Permedia 2 sold relatively well and got 3Dlabs into the gaming space with little effort. Boards did not have the price/performance ratio of pure gaming solutions but became the most widespread 3Dlabs card anyway. Reviews were keen on Permedia 2 for being (almost) the first professional product that can play games as well, even if not so fast.

Later the die was shrunk, creating Permedia 2V, without any clock bump, only DAC speed was raised to 250 MHz. Looking at the Malta print on the chip one can guess the manufacturer is ST Micro. Indeed, the 3Dlabs-TI alliance came to a sad end.

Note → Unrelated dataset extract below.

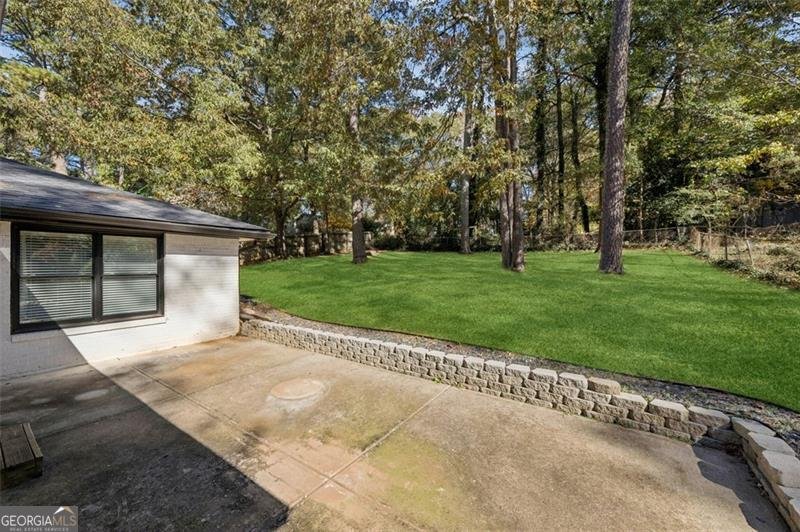 2212 Cloverdale Drive Atlanta - 21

But 3Dlabs was already touting third Permedia as gamers performance chip, yet 1998 became hell for the company. Evens & Sutherland boomed in the professional market while in consumer space the Permedia 2, more expensive to manufacture than planned, quickly became obsolete. 3Dlabs found another foundry partner in SGS Thompson, and later even sued TI for release of confidential information. After a long delay, Permedia 3 arrived in summer 1999 into scorched earth with uncompetitive performance. Its powerful texture blender capable of single-pass specular bump mapping was not much of use for games of that time. By now "Pervasive 3D" definitely happened but there is little space left. 3Dlabs reoriented new Permedia to a "workstation" product with gaming abilities and remained silent about consumer market ambitions ever since. In 2002 Creative bought 3Dlabs, earning its board manufacturing and marketing capabilities. 3Dlabs continued their success story purely in the professional market with chips like P10, pushing the edge of GPU programmability. Following P20 with a fully 32-bit floating-point precision per component confirmed devotion to the professional segment. Meanwhile, the ever-growing gaming market business propelled Ati and NVIDIA to a performance 3Dlabs could not keep up with. And the advantages like extremely high sub-pixel accuracy and higher precision float formats were fading away. When their market share shrunk beyond recovery time has come for controlled bankruptcy in 2009. Most of the 3d engineers reportedly ended at Intel. The rest of the company reformed under ZiiLABS, still as a subsidy of Creative, and reoriented their business solely to silicon for mobile devices.